Поверьте, на Парнас меня совсем не тянет. Как-то не хочется толкаться там с кухарками и электриками. Разумеется, ничего против кухарок и электриков я не имею. Все мы равны; человек — хоть кухарка, хоть электрик, хоть писатель, — это звучит гордо. Но Парнас сделался дешевым профсоюзным домом отдыха, а у меня уже скопился некоторый опыт подобного коллективного гедонизма. Не хочу я, в самом деле, жевать, закусывая сухариком, макароны со скудным мясцом совместно с пишущим романы шофером. И на Олимп меня тоже калачом не заманишь. Там сейчас как раз толкутся новоиспеченные ~ боги, суперписатели, литературные магнаты, голливудские Прусты — баловни муз, все эти усердные труженики литературной индустрии.

И вдруг прямо в разгар личностного кризиса меня, как гром среди ясного неба, пронзает мысль: а ведь и я — активист, и, по сути, им всегда и была. Ночи напролет я проводила вместе с Шекспиром, Гете, Толстым, чтобы хоть как-то проникнуть в тайны своей будущей профессии. Я потела над Джеймсом Джойсом, только чтобы овладеть самыми изысканными литературными навыками. Ложилась в постель с множеством писателей, даже и с русскими, даже одновременно с двумя, с Ильфом и Петровым, чтоб научиться сладким приемам обольщения. Я спала с Дюма, с Рабле и с Гашеком, желая познать, как добиться наивысшего художественного удовлетворения. Множество ночей я провела с множеством людей и готова была спать с кем угодно: со стариками, женщинами, детьми и геями. Виктором Гюго и Мариной Цветаевой, Артюром Рембо и Оскаром Уайльдом.

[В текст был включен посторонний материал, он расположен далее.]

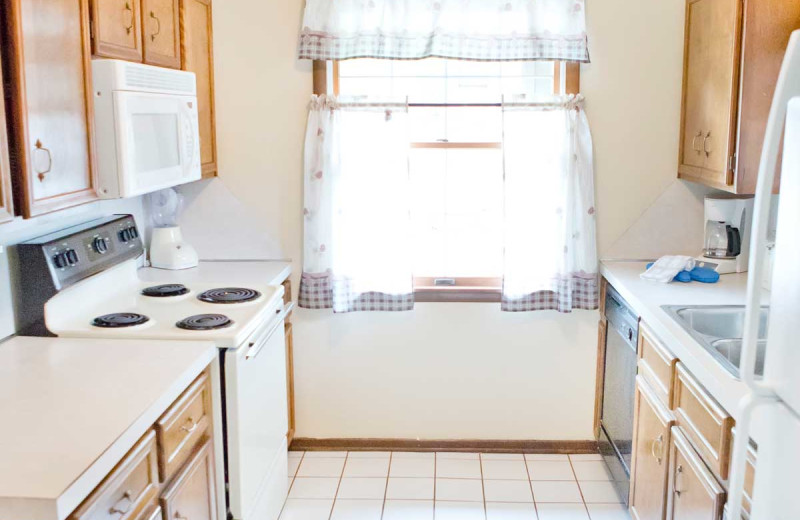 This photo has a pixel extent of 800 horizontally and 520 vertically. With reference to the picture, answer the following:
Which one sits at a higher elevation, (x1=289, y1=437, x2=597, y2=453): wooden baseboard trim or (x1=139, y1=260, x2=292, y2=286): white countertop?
(x1=139, y1=260, x2=292, y2=286): white countertop

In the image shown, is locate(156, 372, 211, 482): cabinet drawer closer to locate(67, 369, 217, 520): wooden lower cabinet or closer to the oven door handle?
locate(67, 369, 217, 520): wooden lower cabinet

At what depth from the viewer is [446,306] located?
3.47 m

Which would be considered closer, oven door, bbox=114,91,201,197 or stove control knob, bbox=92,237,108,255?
oven door, bbox=114,91,201,197

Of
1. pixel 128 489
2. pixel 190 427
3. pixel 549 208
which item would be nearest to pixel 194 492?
pixel 190 427

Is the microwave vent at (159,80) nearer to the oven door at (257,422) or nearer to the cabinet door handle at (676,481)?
the oven door at (257,422)

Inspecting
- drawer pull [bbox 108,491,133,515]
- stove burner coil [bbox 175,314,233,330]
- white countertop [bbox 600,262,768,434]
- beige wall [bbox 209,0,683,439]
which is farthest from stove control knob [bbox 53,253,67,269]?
white countertop [bbox 600,262,768,434]

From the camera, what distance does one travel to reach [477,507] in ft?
10.1

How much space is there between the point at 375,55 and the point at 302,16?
0.35m

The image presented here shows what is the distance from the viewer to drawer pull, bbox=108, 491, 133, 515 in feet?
5.22

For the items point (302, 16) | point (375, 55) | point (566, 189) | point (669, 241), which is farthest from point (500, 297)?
point (302, 16)

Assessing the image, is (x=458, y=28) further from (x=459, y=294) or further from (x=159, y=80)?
(x=159, y=80)

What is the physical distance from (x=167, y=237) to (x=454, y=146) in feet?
4.10

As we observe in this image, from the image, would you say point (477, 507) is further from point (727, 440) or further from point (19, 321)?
point (19, 321)

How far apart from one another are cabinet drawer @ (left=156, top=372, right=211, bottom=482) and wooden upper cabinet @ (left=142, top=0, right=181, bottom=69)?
3.68 ft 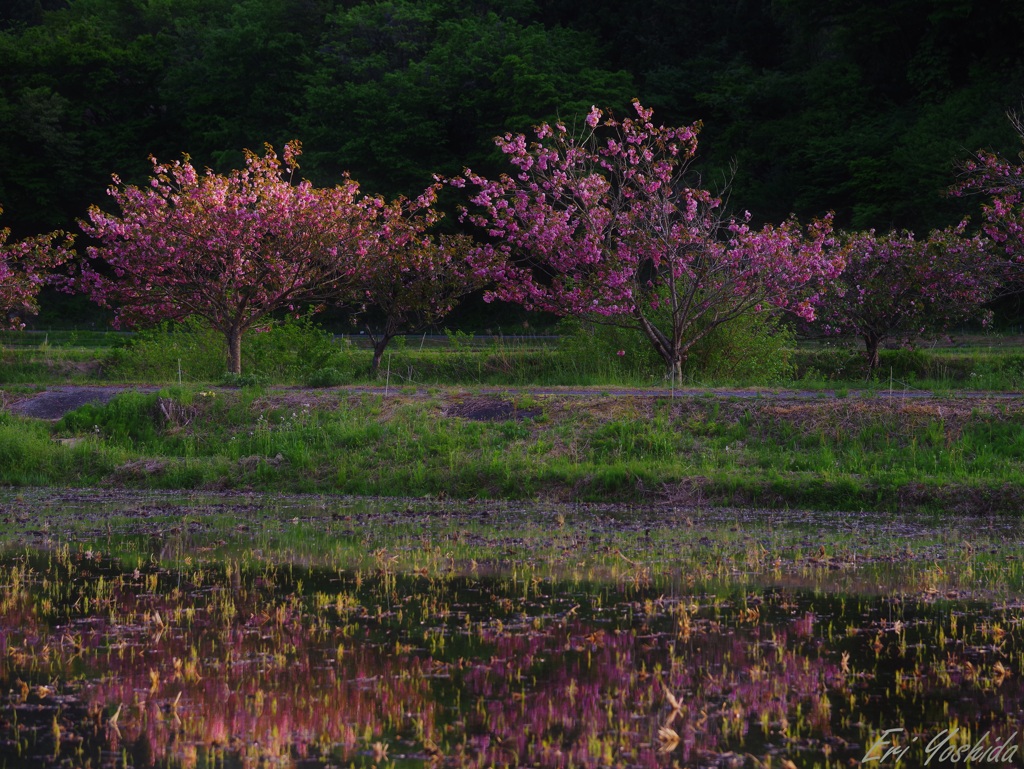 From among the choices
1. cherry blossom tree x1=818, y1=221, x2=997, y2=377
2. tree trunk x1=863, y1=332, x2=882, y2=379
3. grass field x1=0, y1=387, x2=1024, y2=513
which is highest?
cherry blossom tree x1=818, y1=221, x2=997, y2=377

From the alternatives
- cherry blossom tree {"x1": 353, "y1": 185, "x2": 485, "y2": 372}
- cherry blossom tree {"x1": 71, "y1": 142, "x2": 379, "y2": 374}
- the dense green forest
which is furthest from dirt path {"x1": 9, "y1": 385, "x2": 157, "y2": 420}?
the dense green forest

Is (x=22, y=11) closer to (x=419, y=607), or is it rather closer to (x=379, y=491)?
(x=379, y=491)

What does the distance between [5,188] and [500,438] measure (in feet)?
157

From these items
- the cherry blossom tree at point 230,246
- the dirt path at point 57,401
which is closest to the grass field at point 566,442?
the dirt path at point 57,401

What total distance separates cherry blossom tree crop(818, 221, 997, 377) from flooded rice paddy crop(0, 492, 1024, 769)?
13.3m

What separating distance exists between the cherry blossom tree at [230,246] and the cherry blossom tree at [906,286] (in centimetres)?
994

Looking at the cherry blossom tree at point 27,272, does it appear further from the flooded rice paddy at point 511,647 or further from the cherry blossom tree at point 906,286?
the flooded rice paddy at point 511,647

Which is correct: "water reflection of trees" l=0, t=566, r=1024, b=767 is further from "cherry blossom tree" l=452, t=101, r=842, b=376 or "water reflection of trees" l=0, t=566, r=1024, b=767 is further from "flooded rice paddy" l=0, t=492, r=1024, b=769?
"cherry blossom tree" l=452, t=101, r=842, b=376

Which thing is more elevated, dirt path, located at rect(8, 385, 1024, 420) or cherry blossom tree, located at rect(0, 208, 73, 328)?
cherry blossom tree, located at rect(0, 208, 73, 328)

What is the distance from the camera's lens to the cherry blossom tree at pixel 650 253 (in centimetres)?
2075

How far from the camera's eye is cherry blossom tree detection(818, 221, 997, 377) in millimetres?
24484

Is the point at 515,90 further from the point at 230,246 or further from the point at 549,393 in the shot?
the point at 549,393

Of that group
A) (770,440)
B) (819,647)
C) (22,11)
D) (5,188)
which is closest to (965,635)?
(819,647)

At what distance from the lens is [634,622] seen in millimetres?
7766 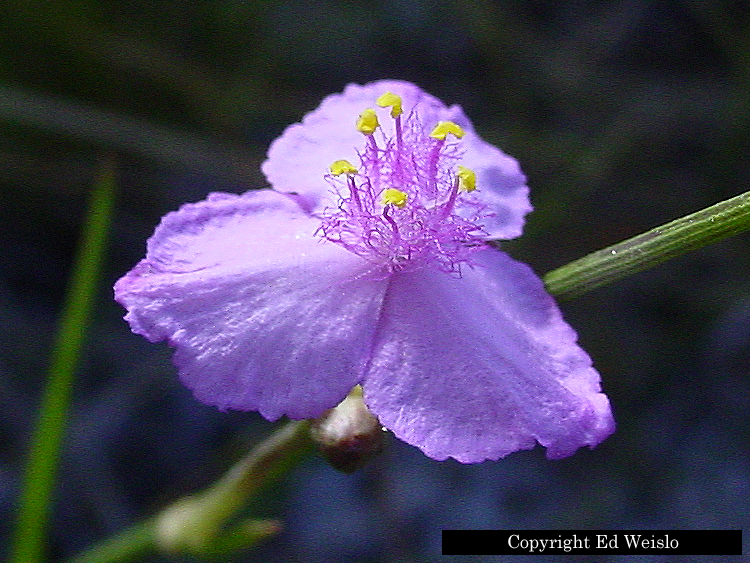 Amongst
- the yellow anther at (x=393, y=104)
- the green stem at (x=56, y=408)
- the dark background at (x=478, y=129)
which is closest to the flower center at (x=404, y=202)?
the yellow anther at (x=393, y=104)

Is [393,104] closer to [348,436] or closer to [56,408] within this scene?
[348,436]

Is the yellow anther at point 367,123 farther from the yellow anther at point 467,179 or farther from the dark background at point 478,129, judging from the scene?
the dark background at point 478,129

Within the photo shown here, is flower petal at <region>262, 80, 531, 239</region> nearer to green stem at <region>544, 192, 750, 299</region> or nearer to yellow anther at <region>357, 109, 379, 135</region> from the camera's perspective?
yellow anther at <region>357, 109, 379, 135</region>

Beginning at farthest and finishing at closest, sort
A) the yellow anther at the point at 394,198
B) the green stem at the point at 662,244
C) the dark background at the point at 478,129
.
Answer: the dark background at the point at 478,129 < the yellow anther at the point at 394,198 < the green stem at the point at 662,244

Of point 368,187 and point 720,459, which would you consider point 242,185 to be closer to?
point 368,187

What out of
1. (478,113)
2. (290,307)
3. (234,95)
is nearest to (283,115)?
(234,95) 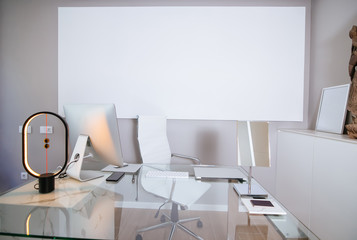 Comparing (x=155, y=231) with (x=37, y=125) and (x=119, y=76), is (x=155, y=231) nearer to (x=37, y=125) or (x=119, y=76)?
(x=119, y=76)

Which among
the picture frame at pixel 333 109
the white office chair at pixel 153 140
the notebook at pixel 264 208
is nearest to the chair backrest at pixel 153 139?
the white office chair at pixel 153 140

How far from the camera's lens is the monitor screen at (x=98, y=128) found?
1153mm

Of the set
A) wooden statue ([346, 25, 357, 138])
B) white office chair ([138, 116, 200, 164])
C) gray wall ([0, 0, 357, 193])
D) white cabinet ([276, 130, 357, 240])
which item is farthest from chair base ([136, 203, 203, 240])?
wooden statue ([346, 25, 357, 138])

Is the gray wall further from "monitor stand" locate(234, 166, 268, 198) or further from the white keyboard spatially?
"monitor stand" locate(234, 166, 268, 198)

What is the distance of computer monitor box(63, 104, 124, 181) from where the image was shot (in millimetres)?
1158

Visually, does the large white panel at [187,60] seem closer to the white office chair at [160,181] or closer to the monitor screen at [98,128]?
the white office chair at [160,181]

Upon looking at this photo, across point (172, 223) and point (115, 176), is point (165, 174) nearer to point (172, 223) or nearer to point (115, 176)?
point (115, 176)

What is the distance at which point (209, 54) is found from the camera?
2.52 metres

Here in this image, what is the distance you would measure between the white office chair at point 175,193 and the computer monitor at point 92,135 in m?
0.28

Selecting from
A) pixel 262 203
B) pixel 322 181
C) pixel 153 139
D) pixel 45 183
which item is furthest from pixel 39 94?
pixel 322 181

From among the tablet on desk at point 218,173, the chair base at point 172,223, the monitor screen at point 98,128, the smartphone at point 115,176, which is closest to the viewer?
the chair base at point 172,223

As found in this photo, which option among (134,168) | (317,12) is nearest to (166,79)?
(134,168)

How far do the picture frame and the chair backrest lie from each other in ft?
6.23

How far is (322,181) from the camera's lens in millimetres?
1683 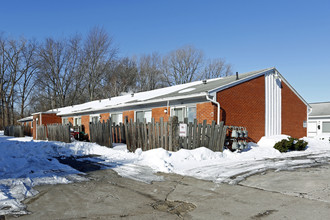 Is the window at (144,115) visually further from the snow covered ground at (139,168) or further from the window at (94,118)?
the window at (94,118)

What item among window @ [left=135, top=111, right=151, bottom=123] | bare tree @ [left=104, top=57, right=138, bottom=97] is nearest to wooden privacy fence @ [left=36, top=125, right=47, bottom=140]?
window @ [left=135, top=111, right=151, bottom=123]

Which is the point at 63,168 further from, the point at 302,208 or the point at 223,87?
the point at 223,87

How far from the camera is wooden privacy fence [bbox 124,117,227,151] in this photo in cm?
1135

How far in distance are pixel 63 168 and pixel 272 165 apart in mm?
7043

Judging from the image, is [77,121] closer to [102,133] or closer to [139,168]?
[102,133]

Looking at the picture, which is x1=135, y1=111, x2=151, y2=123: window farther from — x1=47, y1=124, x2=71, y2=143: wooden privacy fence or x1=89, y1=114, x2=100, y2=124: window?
x1=89, y1=114, x2=100, y2=124: window

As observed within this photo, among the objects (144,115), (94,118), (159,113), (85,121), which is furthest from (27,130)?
(159,113)

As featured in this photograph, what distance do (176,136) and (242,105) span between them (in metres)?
6.07

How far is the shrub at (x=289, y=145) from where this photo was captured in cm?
1417

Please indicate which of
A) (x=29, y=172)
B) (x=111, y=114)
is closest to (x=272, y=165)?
(x=29, y=172)

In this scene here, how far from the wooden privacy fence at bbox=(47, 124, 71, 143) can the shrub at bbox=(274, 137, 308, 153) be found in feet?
43.3

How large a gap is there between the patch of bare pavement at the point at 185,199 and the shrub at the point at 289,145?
6.87 m

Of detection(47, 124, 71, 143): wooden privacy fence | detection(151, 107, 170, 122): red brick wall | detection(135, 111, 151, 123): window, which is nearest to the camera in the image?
detection(151, 107, 170, 122): red brick wall

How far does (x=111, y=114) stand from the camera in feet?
72.5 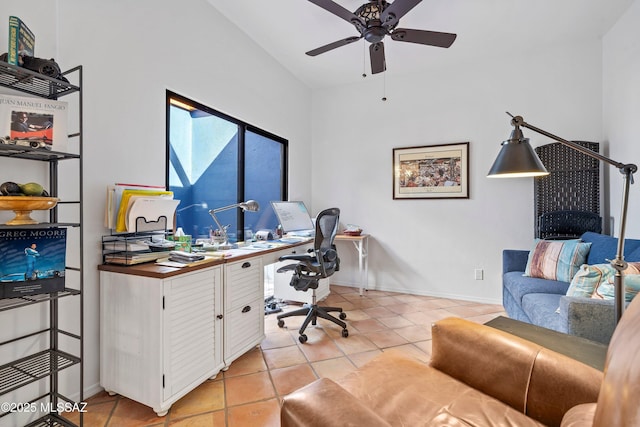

Почувствовав, что уже пора, я отошла от учителей и сама принялась за работу. Размягчала собственной слюной каждое заскорузлое слово, чтобы стимулировать самого взыскательного литературного клиента. Обнажалась, из кожи лезла вон, обольщала — чего только я ни делала, чтобы заставить сальные пальцы читателя перевернуть еще одну страничку моей книги! Нежно лизала и покусывала ему ухо, громадное, жирное ухо, чтоб возбудить, чтоб у него встало, чтоб вскрылся канал навстречу искусительному журчанию моих слов.

Что это, если не чувственная активность? Это я — истинная активистка сферы наслаждений! И ни за что никому не позволю принизить величие своей профессии!